My step-dad Todd and I were having some breakfast together as it was announced that Kyle Rittenhouse was acquitted of all charges in his trial. Todd and I have different opinions and it is rare that we agree on a topic that is politically charged. After it was announced Todd started on a rant about the case and how it shouldn't have been the way it was, and for once Todd and I agreed. He described how he is very hurt over the fact that races were not correctly displayed among the jury. He then proceeded into talking about how he was a police officer for over twenty years and as a man of color he understands both perspectives and that he ended up leaving the force due to too many injustices that he personally saw. It has been made clear that there are still to this day many racial injustices and a lot of them are made within the justice system. An injustice that I researched is capital punishment, I feel like the system is poorly set up and because of that the punishment is unfair.
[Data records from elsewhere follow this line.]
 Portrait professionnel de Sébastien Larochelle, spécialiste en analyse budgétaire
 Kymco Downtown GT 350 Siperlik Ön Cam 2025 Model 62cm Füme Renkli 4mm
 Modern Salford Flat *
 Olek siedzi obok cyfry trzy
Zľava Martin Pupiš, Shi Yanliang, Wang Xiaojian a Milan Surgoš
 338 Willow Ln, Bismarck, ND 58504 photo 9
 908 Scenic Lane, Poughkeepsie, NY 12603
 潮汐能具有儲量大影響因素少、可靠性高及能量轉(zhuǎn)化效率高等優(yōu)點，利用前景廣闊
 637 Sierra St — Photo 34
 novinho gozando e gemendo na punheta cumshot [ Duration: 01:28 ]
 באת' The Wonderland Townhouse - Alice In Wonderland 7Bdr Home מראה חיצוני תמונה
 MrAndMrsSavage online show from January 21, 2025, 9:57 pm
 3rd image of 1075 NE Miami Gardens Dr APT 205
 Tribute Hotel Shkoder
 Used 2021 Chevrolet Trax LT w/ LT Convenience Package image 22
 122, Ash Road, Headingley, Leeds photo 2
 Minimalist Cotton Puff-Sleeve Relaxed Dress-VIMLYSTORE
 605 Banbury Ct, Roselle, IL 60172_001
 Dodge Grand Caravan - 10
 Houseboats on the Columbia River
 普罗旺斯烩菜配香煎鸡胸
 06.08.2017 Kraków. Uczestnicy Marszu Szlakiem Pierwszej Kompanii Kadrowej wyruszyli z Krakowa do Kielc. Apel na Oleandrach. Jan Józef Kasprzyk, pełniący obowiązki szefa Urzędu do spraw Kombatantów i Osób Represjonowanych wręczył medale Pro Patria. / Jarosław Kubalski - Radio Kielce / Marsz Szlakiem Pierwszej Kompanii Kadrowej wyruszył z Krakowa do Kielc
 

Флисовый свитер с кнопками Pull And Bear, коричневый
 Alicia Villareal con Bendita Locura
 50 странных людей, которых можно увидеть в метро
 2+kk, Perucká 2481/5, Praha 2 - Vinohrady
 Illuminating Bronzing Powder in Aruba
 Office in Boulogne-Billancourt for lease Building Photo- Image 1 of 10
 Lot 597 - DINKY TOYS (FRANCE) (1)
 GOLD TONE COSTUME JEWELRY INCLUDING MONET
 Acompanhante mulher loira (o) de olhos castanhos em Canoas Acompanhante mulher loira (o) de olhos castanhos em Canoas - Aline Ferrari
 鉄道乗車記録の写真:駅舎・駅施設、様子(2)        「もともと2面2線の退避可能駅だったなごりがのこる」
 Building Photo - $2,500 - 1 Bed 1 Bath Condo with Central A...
Black Americans are incarcerated in state prisons at nearly five times the rate of white americans. As of 2014, 42% of those on death row in the United States were black. Since 2002, there have been 12 executions of white defendants where the murder victim was black, however, there have been 178 executed defendants who were black with a white murder victim. 54% of people wrongfully convicted and sentenced to death in the United States are black (Ford, 2014).

Capital punishment obviously has racial injustices in the system, but overall the whole system is flawed. You also see flaws in the rate of innocent people who have been murdered and weren't proven innocent until after their death. Since 1973, at least 186 innocent people's lives have been taken due to death row in the modern system. Research suggests that the actual number of innocent people who have been sentenced to death is far higher and that one in every 25 defendants sentenced to death is likely innocent (Aclu, 2021).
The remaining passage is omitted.